A zona euro está particularmente exposta ao primeiro canal de contágio dadas as exportações para a China representarem uma fatia de cerca de 1,2% do PIB euro

O coronavírus tomou de assalto os noticiários e mercados mundiais nas últimas semanas. Julgo não ser descabido em termos probabilísticos assumir que um vírus com taxa de mortalidade a rondar os 2% e com aumento de infetados a abrandar represente o fim do mundo que alguma histeria própria dos nossos tempos parece apontar. Não descurando o impacto humano – especialmente concentrado no segmento mais idoso à semelhança da gripe anual – o impacto mais abrangente acabará por ser ao nível da disrupção temporária na economia chinesa que nos últimos anos tem contribuído com cerca de um quinto do crescimento mundial, uma fatia considerável. Para tentarmos algum tipo de estimativa de impacto, o paralelo mais próximo é o surto de SARS de 2003.

Em 2003, o SARS durou cerca de seis meses a ser dado como controlado pela Organização Mundial de Saúde e é um paralelo interessante por ser da mesma família viral e ter originado numa área geográfica semelhante. Nesse período, a economia chinesa contribuía (apenas) com cerca de 5% do crescimento mundial, tinha uma economia substancialmente menos endividada e uma demografia mais jovem. Nesse contexto a redução verificada de quase 2% no crescimento chinês não provocou por si só grandes ondas de choque no resto do mundo. Porém, se bem que nestes dezassete anos a capacidade de resposta médica sem dúvida que evoluiu, o novo coronavírus já infetou mais que o SARS e o contexto atual antevê que o impacto para a economia global seja superior. As quarentenas de metrópoles inteiras e o receio generalizado que tem mantido populações em casa significará uma clara quebra em termos de consumo chinês. No ocidente, as ondas de choque irão sentir-se por via dum abrandamento de exportações para a China e diminuição temporária do turismo oriundo deste país. A zona euro está particularmente exposta ao primeiro canal de contágio dadas as exportações para a China representarem uma fatia de cerca de 1,2% do PIB euro, um valor relevante especialmente no contexto atual de crescimento lento em torno dos 1%.

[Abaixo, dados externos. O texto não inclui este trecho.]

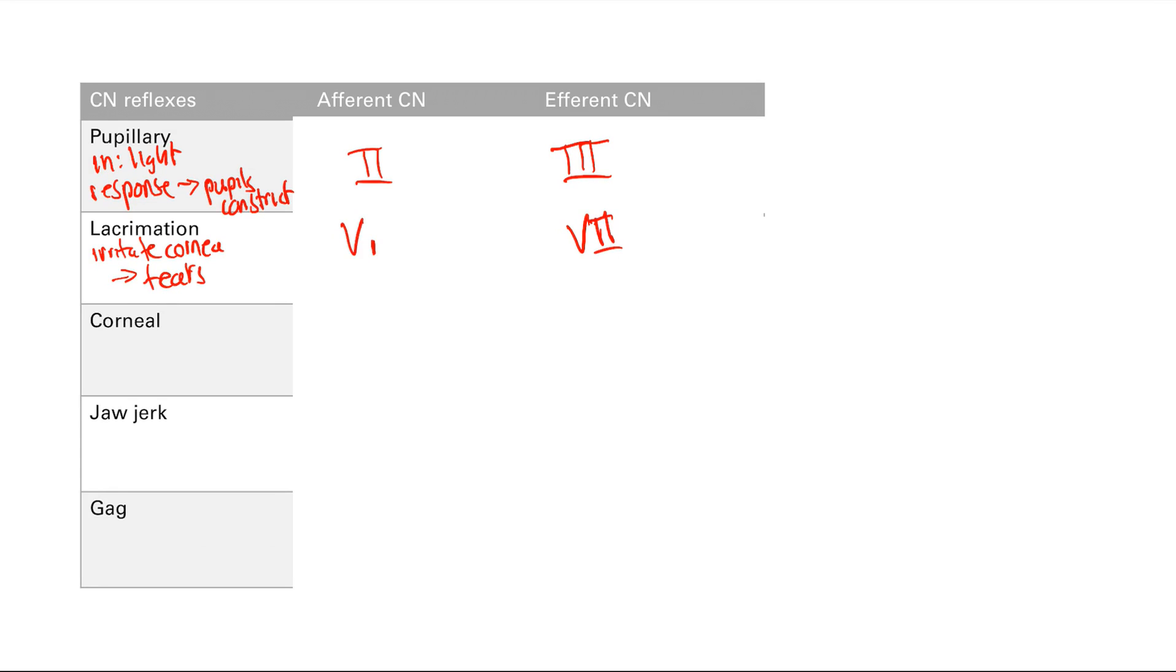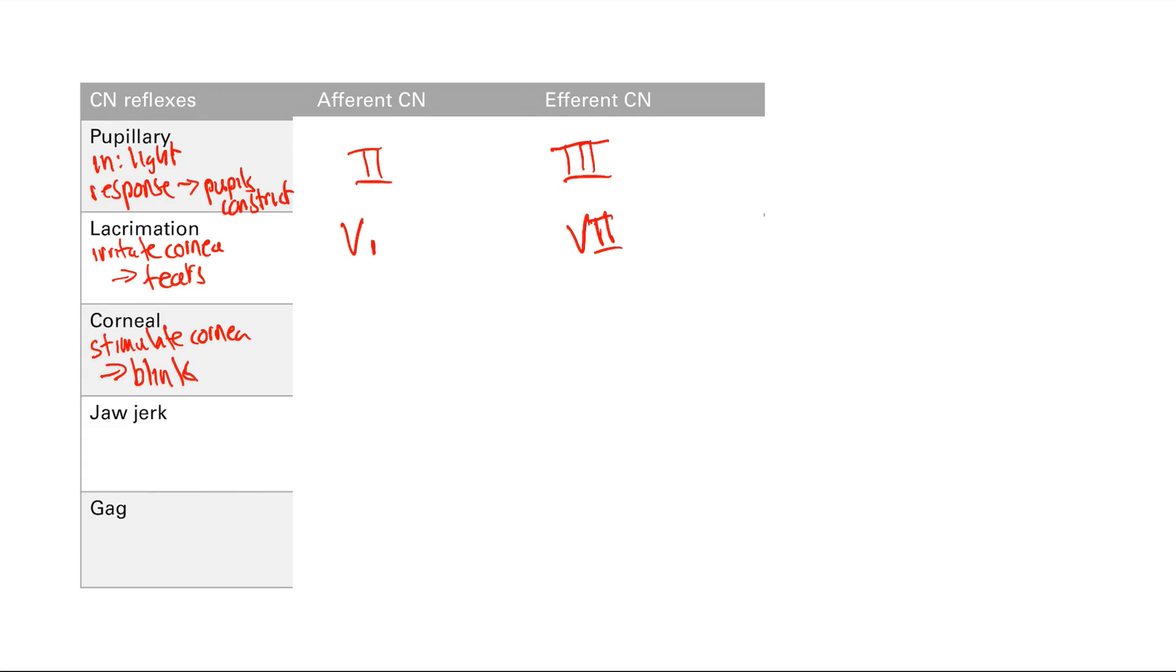Okay, so the corneal reflex is similar. Remember, you stimulate the cornea, and then your response, so you get blinking. Note that you will have to memorize all of this, what each reflex means, so you will have to know that the corneal reflex is due to stimulation of the cornea leading to blinking. So do memorize that. Once you memorize those, then the cranial nerves involved will become very easy.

Teremos portanto uma inevitável desaceleração na economia chinesa pelo menos no primeiro trimestre deste ano e uma recuperação nos seguintes assumindo que o ritmo de infeções continua o abrandamento verificado na última semana. Mesmo neste cenário moderadamente otimista, o efeito de contágio económico irá pesar na paupérrima taxa de crescimento da zona euro e adiar a recuperação no nível de inflação pela qual o Banco Central Europeu luta desesperadamente. Assim sendo, será previsível continuarmos a viver numa economia infetada pelo dogma das taxas de juro negativas, o processo de normalização fica uma vez mais adiado.